Par contre, le cadre légal fixé par l’art. 36 al. 2 LICD ne permet pas d’aller dans le sens des conclusions du recourant. En effet, en sollicitant que la déduction soit "adaptée proportionnellement" au nombre de mois concernés par les rentes arriérées et courantes versées en 2023, à savoir 121 mois, il semble demander que cette déduction soit fixée sur la base de critères non prévus par cette disposition légale, à un montant supérieur au maximum de CHF 9'100.- qu’elle prévoit.
La déduction sociale pour contribuable à revenu modeste fixée à CHF 7'000.- (code 7.110) doit ainsi être confirmée.

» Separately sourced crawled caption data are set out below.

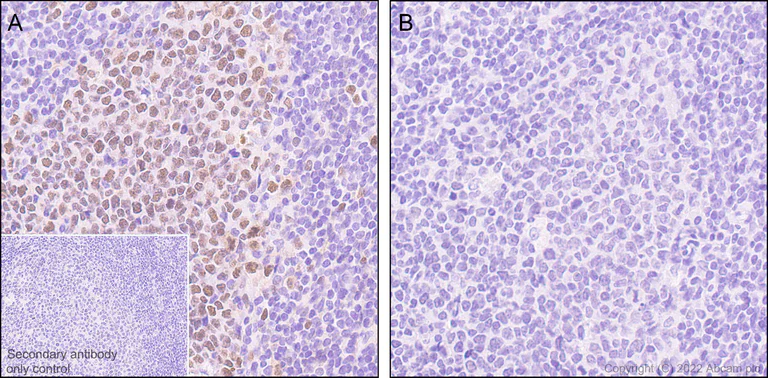 Immunohistochemistry (Formalin/PFA-fixed paraffin-embedded sections) - Anti-KMT6/EZH2 (phospho T487) antibody [EPR24903-104] (BSA and Azide free) (AB300568)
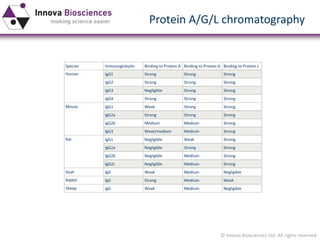 © Innova Biosciences Ltd. All rights reserved 
Species 
Immunoglobulin 
Binding to Protein A 
Binding to Protein G 
Binding to Protein L 
Human 
IgG1 
Strong 
Strong 
Strong 
IgG2 
Strong 
Strong 
Strong 
IgG3 
Negligible 
Strong 
Strong 
IgG4 
Strong 
Strong 
Strong 
Mouse 
lgG1 
Weak 
Strong 
Strong 
lgG2a 
Strong 
Strong 
Strong 
lgG2b 
Medium 
Medium 
Strong 
lgG3 
Weak/medium 
Medium 
Strong 
Rat 
lgG1 
Negligible 
Weak 
Strong 
lgG2a 
Negligible 
Strong 
Strong 
lgG2b 
Negligible 
Medium 
Strong 
lgG2c 
Negligible 
Medium 
Strong 
Goat 
lgG 
Weak 
Medium 
Negligible 
Rabbit 
lgG 
Strong 
Medium 
Weak 
Sheep 
lgG 
Weak 
Medium 
Negligible 
Protein A/G/L chromatography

Il s'ensuit le rejet du recours pour l'impôt cantonal également.
Frais
7.
Vu le sort du recours, les frais de procédure, arrêtés à CHF 800.- (art. 1 al. 1 du tarif du 17 décembre 1991 des frais de procédure et des indemnités en matière de juridiction administrative, Tarif JA; RSF 150.12), sont mis à la charge du recourant (art. 131 al. 1 CPJA).
Pour les mêmes motifs, il n'y a pas lieu d'allouer une indemnité de partie au recourant (art. 137 al. 1 CPJA a contrario).
(dispositif en page suivante)
la Cour arrête:
Impôt fédéral direct (604 2025 34)
I. Le recours est rejeté.
Partant, la décision sur réclamation du Service cantonal des contributions du 26 février 2025 est confirmée.
Impôt cantonal (604 2025 35)
II.Le recours est rejeté.
Partant, la décision sur réclamation du Service cantonal des contributions du 26 février 2025 est confirmée.
Frais
III. Les frais de procédure, arrêtés à CHF 800.-, sont mis à la charge de A.________. Ils sont prélevés sur l'avance de frais versées.
IV. Il n’est pas alloué d’indemnité de partie.
Notification
Conformément aux art. 82 ss de la loi sur le Tribunal fédéral du 17 juin 2005 (LTF; RS 173.110), le présent arrêt peut être porté devant le Tribunal fédéral, à Lucerne, dans les 30 jours qui suivent sa notification par la voie du recours en matière de droit public.
La fixation du montant des frais de procédure peut, dans un délai de 30 jours, faire l'objet d'une réclamation auprès de l'autorité qui a statué, lorsque seule cette partie de la décision est contestée (art. 148 CPJA).